* WHAT IS REQUIRED: Take the whole listing and reproduce it exactly, pictures excepted.
BEGIN SOURCE DATA
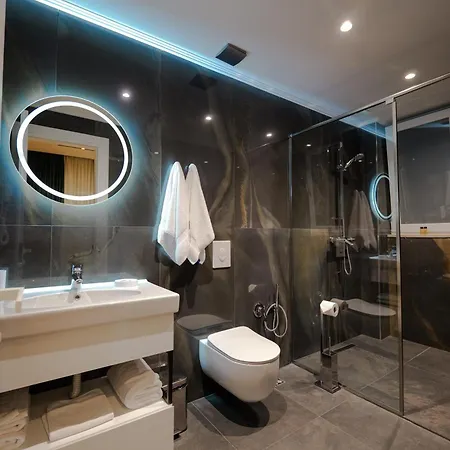 Bonsai 4* Tirana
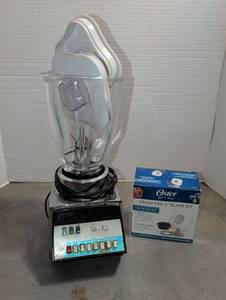lot 3008 image: Oster Pulse  Matic Blender with Crush Pro 4 Blade Kit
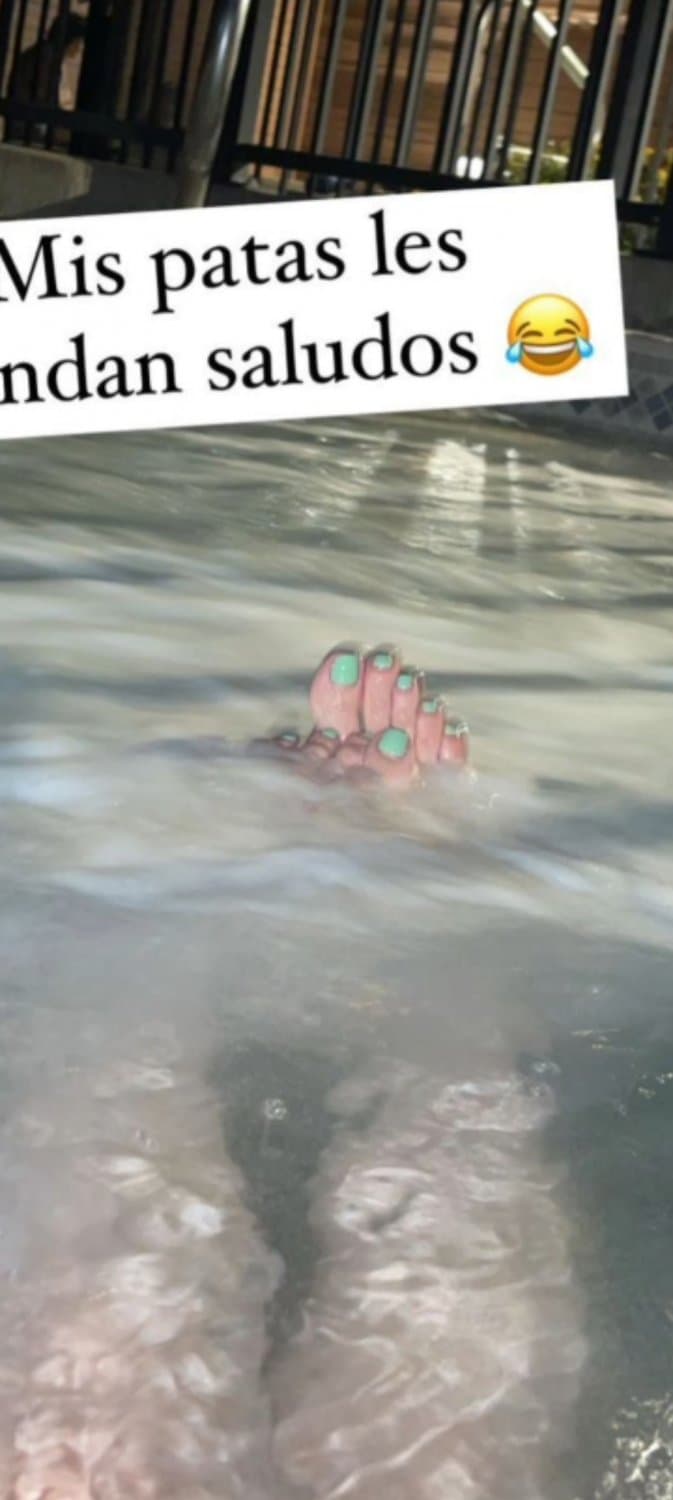 Click to view full size IG: Soy_Isisbm beautiful latina with perky tits and sexy feet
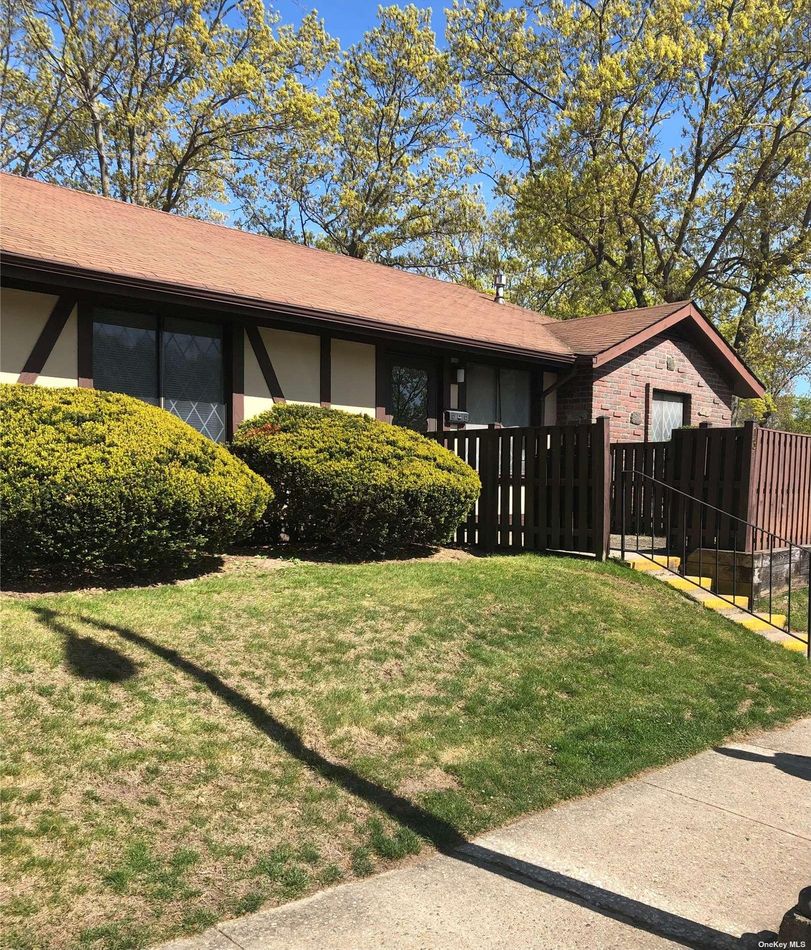 Image 1 of 13 for 13 Sagamore Hills Drive #13 in Long Island, Port Jefferson Stati, NY, 11776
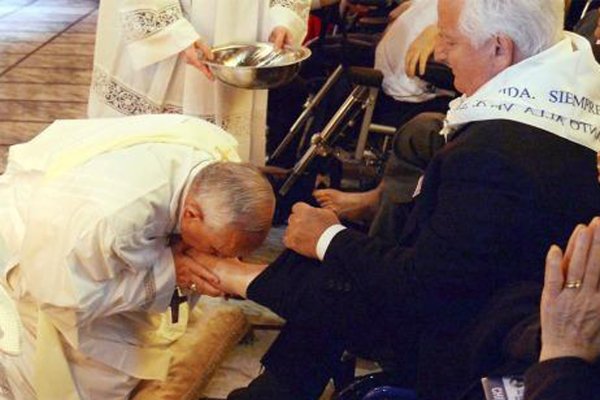 Jueves Santo: el Papa lavó los pies de doce personas con discapacidad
END SOURCE DATA
* RESPONSE FOR THIS EXERCISE:
 Bonsai 4* Tirana
lot 3008 image: Oster Pulse  Matic Blender with Crush Pro 4 Blade Kit
 Click to view full size IG: Soy_Isisbm beautiful latina with perky tits and sexy feet
 Image 1 of 13 for 13 Sagamore Hills Drive #13 in Long Island, Port Jefferson Stati, NY, 11776
 Jueves Santo: el Papa lavó los pies de doce personas con discapacidad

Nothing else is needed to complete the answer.